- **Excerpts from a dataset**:
■ ■ ■ ■
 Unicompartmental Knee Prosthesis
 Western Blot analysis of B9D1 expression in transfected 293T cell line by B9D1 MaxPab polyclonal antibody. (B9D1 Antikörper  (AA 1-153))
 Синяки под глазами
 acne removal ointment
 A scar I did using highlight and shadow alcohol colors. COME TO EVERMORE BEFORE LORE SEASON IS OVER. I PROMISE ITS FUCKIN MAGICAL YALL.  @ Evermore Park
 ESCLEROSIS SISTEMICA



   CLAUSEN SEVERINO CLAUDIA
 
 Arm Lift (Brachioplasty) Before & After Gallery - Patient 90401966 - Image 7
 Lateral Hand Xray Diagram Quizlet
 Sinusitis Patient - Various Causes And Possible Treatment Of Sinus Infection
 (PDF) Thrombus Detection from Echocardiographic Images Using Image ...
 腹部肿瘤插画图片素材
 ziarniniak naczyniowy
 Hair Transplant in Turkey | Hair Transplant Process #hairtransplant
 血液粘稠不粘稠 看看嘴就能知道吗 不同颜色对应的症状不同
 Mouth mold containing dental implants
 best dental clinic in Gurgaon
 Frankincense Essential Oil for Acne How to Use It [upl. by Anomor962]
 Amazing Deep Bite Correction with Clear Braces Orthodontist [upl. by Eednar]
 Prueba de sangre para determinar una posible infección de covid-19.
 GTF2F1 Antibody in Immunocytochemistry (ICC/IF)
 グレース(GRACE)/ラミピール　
■ ■ ■ ■
- **PROBLEM STATEMENT**: Word for word, give back all of the records.

- **RESPONSE TO THE TASK**:
 Unicompartmental Knee Prosthesis
 Western Blot analysis of B9D1 expression in transfected 293T cell line by B9D1 MaxPab polyclonal antibody. (B9D1 Antikörper  (AA 1-153))
 Синяки под глазами
 acne removal ointment
 A scar I did using highlight and shadow alcohol colors. COME TO EVERMORE BEFORE LORE SEASON IS OVER. I PROMISE ITS FUCKIN MAGICAL YALL.  @ Evermore Park
 ESCLEROSIS SISTEMICA



   CLAUSEN SEVERINO CLAUDIA
 
 Arm Lift (Brachioplasty) Before & After Gallery - Patient 90401966 - Image 7
 Lateral Hand Xray Diagram Quizlet
 Sinusitis Patient - Various Causes And Possible Treatment Of Sinus Infection
 (PDF) Thrombus Detection from Echocardiographic Images Using Image ...
 腹部肿瘤插画图片素材
 ziarniniak naczyniowy
 Hair Transplant in Turkey | Hair Transplant Process #hairtransplant
 血液粘稠不粘稠 看看嘴就能知道吗 不同颜色对应的症状不同
 Mouth mold containing dental implants
 best dental clinic in Gurgaon
 Frankincense Essential Oil for Acne How to Use It [upl. by Anomor962]
 Amazing Deep Bite Correction with Clear Braces Orthodontist [upl. by Eednar]
 Prueba de sangre para determinar una posible infección de covid-19.
 GTF2F1 Antibody in Immunocytochemistry (ICC/IF)
 グレース(GRACE)/ラミピール　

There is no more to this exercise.